Robin’s company, BookSurge, is a print-on-demand publisher that was recently purchased by Amazon. BookSurge partners with Kirtas and the libraries to make scanned books available through Amazon, complete with the ability to search inside the book. The book shows up as in stock on Amazon, but no “stock” actually exists—BookSurge prints a copy of the book only when it is ordered. This printed book is branded as being from the library, with such features as the library’s logo on the front cover and images of and text about the library on the back cover. When the book is sold to the customer, Kirtas distributes some of the profits from the sale back to the library, helping to defray the cost of digitization.

Emory University, the University of Maine, and the Toronto Public Library are all doing their digitization work with their own staffs and their own purchased Kirtas automated scanners, giving them complete control over the process. The libraries are able to keep a preservation copy of the digital files, separate from the digital files used to print the books on demand. The libraries maintain control of the digitized books as far as dissemination, access, search, organization, etc. are concerned, and the libraries maintain the right to give the public full access to digital representations of the book.
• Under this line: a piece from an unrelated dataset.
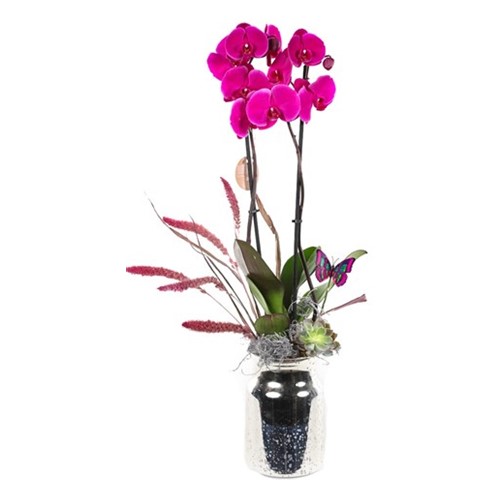 Butterfly Purple Orkide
Martin, the director for digital programs and systems at Emory University, spoke about the process that Emory uses in its digitization project. Emory is focused on digitizing collections, not just books. They have a Digital Collections Steering Committee that identifies and prioritizes collections for digitization (beginning with the Southern Methodist collection), and they provide scholarly contextualizations of the digitized materials. Emory is also planning to work with the Kirtas/BookSurge partnership to publish new digital peer-reviewed scholarly monographs and, in the future, some theses and dissertations written at Emory.
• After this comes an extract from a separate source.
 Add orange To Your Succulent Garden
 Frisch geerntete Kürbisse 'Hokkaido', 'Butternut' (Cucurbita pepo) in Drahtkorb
Joyce and Linda both spoke about the collections that are being digitized at their institutions. At the University of Maine (which has partnered with the Maine State Library), they first digitized the old University yearbooks, then moved on to town reports from Maine dating back to the early 1880s. Their next projects are going to be pre-1923 Maine history books, biographies of Maine citizens, and Maine travel books. The Toronto Public Library is going begin by digitizing its Canadiana collection, which contains around 11,000 items, and then move on to other special collections.

Lisa, from the intellectual property rights office at Emory, covered the legal considerations that must be considered when launching a digitization project. The biggest legal risk in a digitization project is being sued for accidentally digitizing something that is still under copyright. Having the digitized books available for sale on Amazon heightens this risk, because that makes it very easy for the copyright owner to discover that his or her work has been digitized. The easiest way to lessen this risk is to digitize only books that were published in the United States before 1923 and that have copyright dates printed on the items, since such books are almost certainly in the public domain. Lisa also emphasized the importance of keeping good metadata about how the institution determined that the item was in the public domain, since the penalties for copyright infringement can vary widely depending on whether the judge determines that the copyright was willfully infringed (damages up to $150,000) or that the infringer was acting on a good faith belief that the copy was not infringing (damages as low as $200).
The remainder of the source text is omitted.